Leaving out all pictures, repeat exactly the lines from the one that holds "Model wearing an" to the last line of the entries below.

Captioned web images
-----

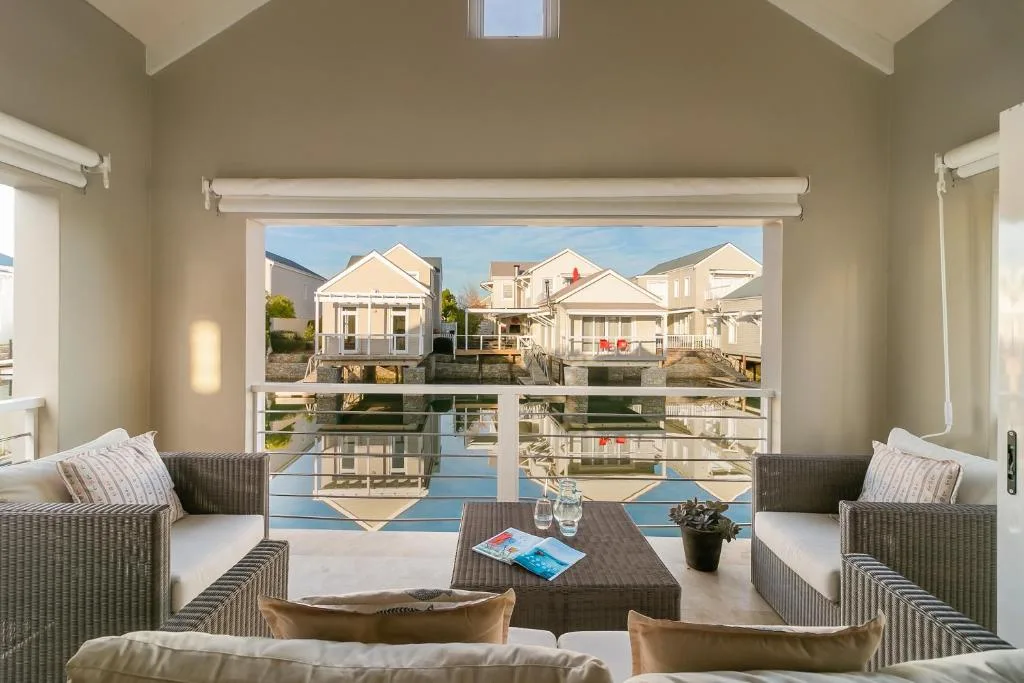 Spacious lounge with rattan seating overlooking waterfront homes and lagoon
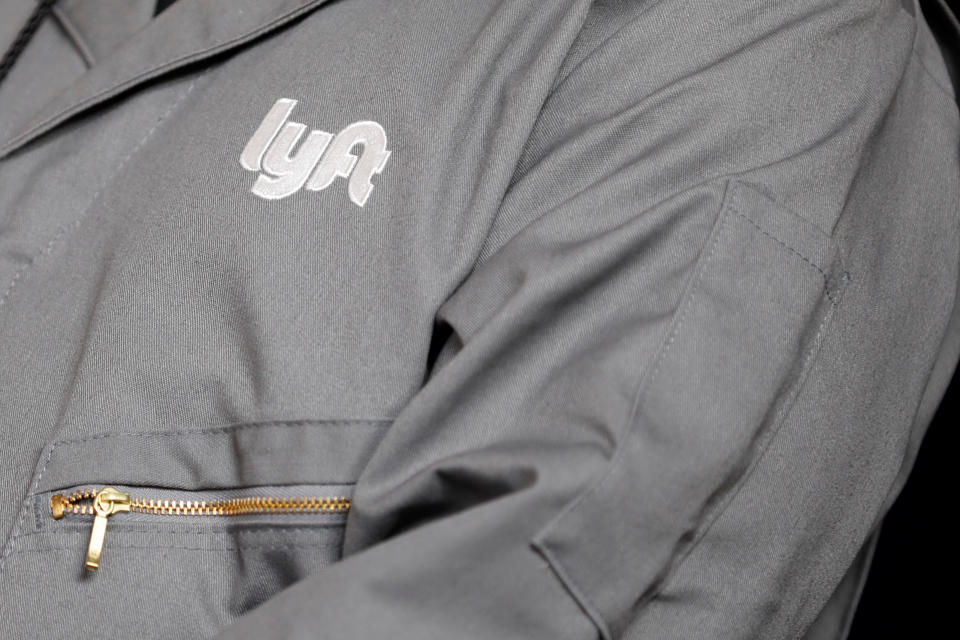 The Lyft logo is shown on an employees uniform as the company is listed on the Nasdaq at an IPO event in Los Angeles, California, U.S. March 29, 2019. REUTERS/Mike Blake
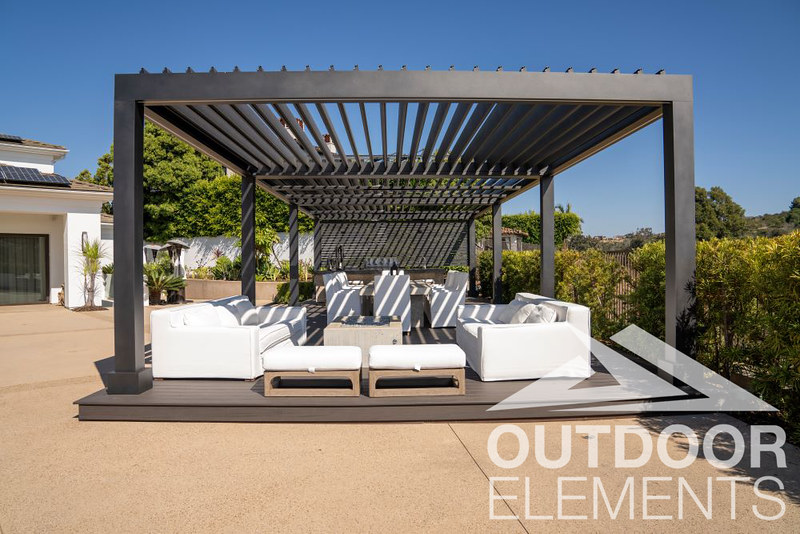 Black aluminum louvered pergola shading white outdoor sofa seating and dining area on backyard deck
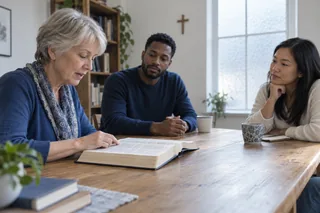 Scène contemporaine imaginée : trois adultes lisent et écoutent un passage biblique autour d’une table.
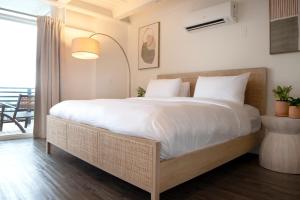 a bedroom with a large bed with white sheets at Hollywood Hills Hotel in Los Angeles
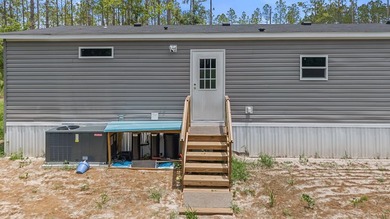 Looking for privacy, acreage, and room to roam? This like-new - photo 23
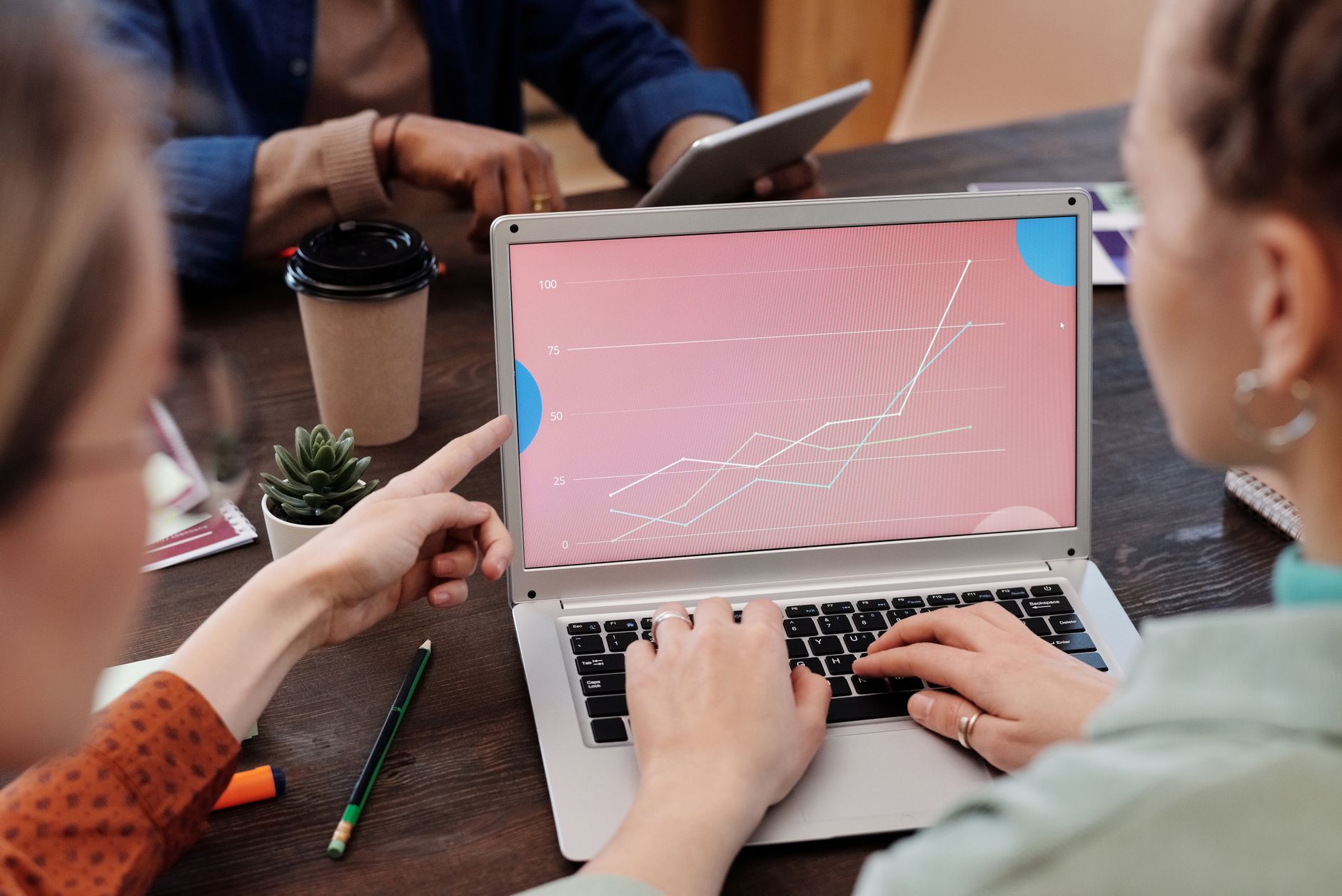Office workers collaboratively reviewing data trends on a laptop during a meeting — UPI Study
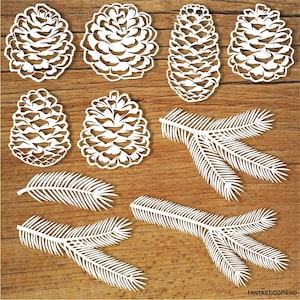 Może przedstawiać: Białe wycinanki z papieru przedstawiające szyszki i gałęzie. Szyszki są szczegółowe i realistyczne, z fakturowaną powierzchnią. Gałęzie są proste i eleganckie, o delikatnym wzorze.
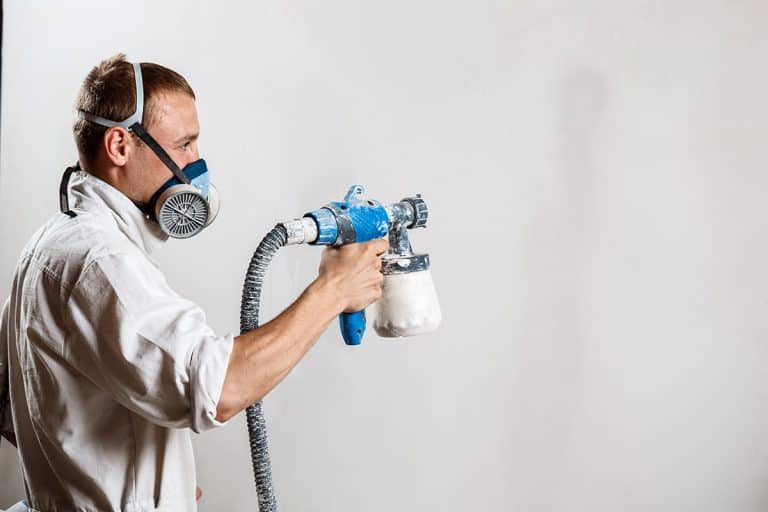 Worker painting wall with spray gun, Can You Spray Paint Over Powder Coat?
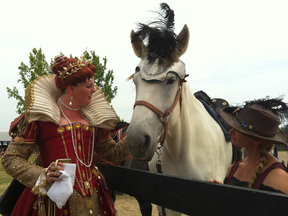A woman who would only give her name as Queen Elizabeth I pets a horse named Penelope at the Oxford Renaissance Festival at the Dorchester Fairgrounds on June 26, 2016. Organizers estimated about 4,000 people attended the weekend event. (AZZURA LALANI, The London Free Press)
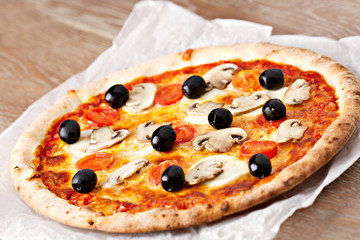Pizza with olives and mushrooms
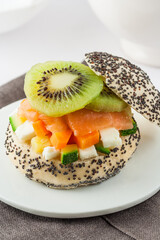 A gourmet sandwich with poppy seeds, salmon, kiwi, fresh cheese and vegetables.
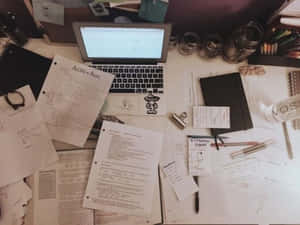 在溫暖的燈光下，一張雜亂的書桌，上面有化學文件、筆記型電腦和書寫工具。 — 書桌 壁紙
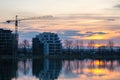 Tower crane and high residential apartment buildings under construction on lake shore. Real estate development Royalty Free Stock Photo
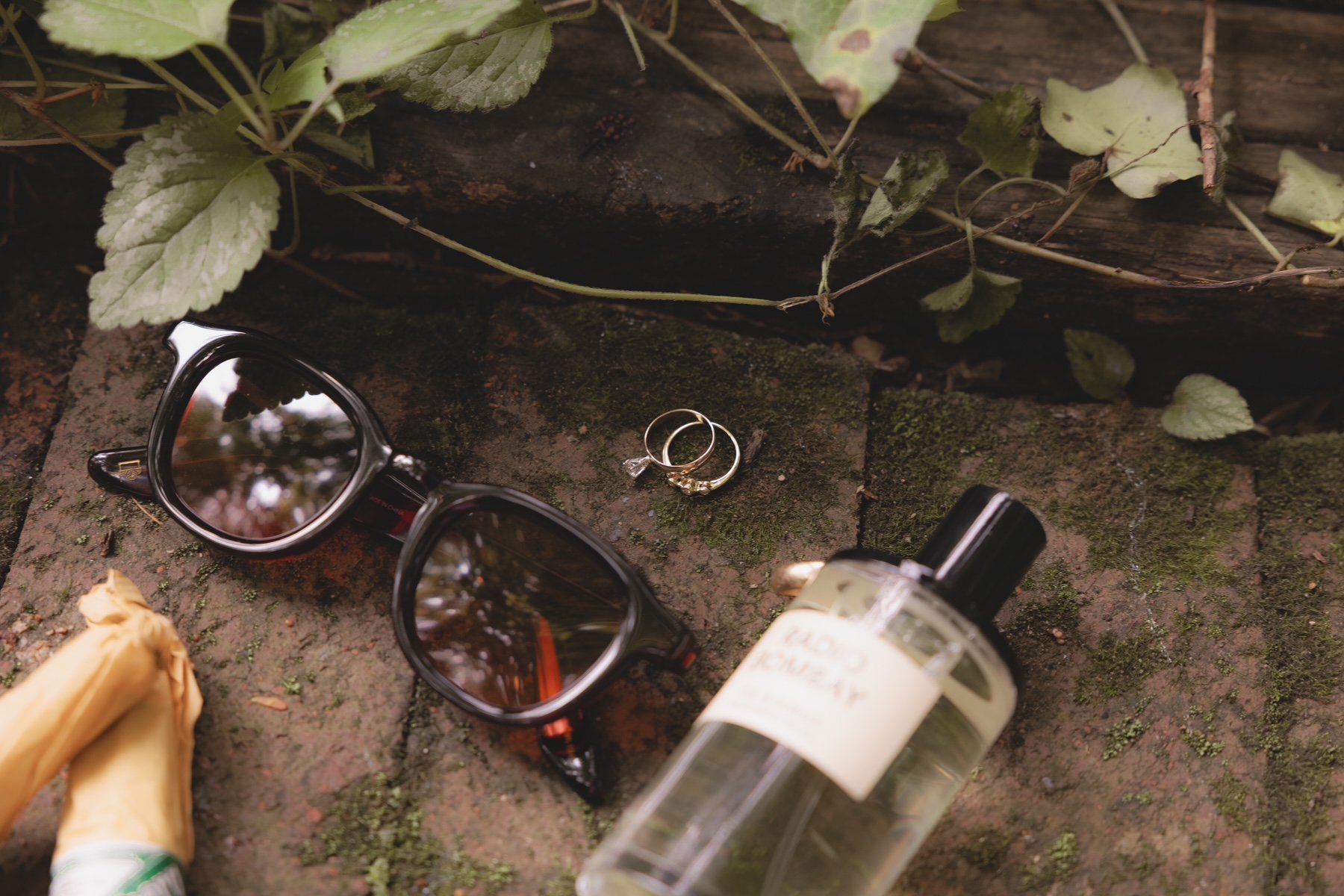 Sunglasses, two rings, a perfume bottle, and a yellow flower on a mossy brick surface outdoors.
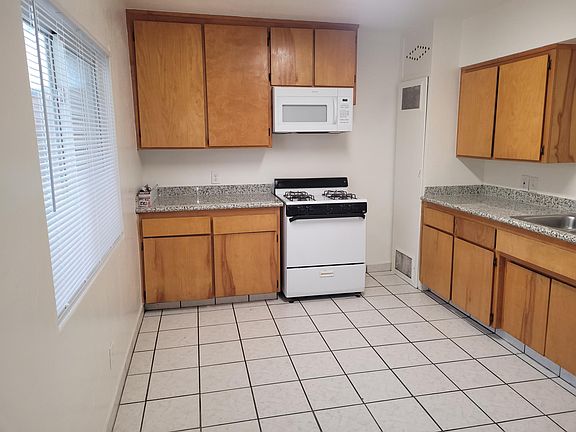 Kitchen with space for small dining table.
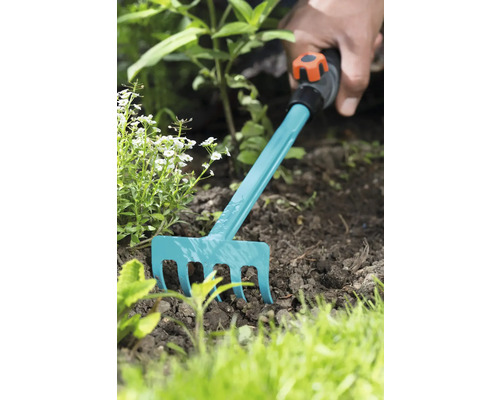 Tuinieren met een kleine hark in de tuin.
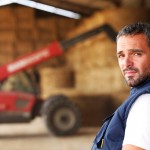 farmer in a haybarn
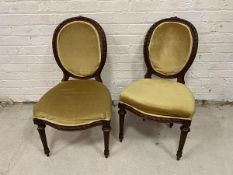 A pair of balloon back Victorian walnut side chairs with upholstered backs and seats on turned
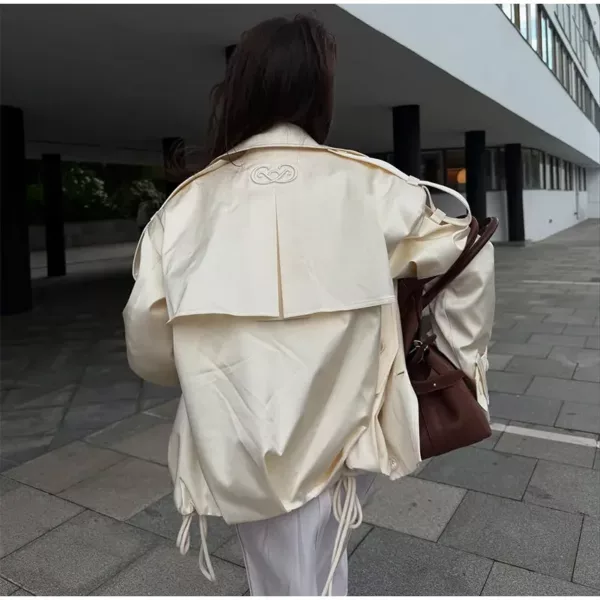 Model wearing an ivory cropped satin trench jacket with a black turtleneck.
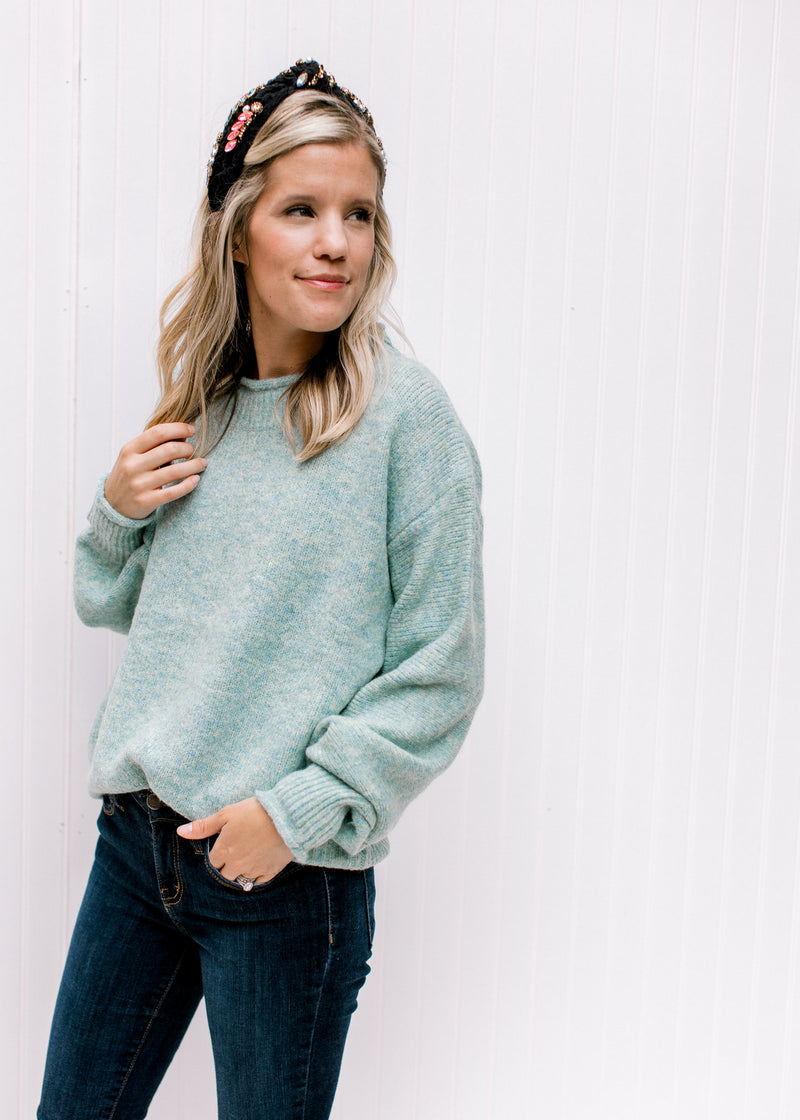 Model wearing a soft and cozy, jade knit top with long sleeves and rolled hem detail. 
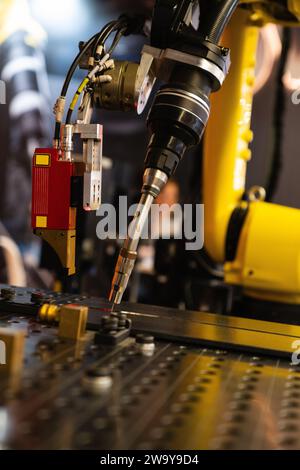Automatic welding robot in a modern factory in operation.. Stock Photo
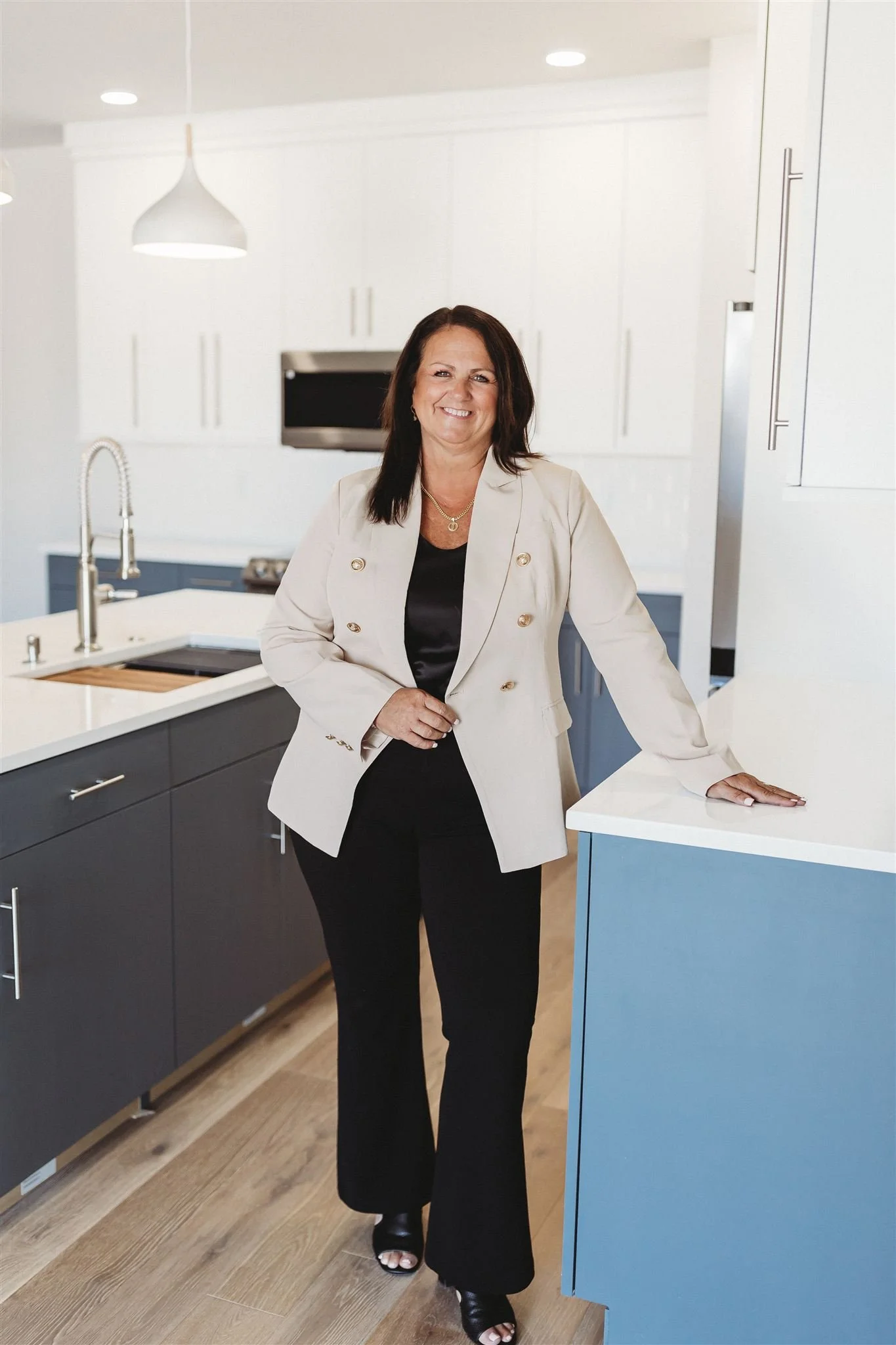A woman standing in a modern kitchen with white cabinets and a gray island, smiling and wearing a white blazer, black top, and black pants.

-----

Result of the exercise ▸
 Model wearing an ivory cropped satin trench jacket with a black turtleneck.
 Model wearing a soft and cozy, jade knit top with long sleeves and rolled hem detail. 
Automatic welding robot in a modern factory in operation.. Stock Photo
A woman standing in a modern kitchen with white cabinets and a gray island, smiling and wearing a white blazer, black top, and black pants.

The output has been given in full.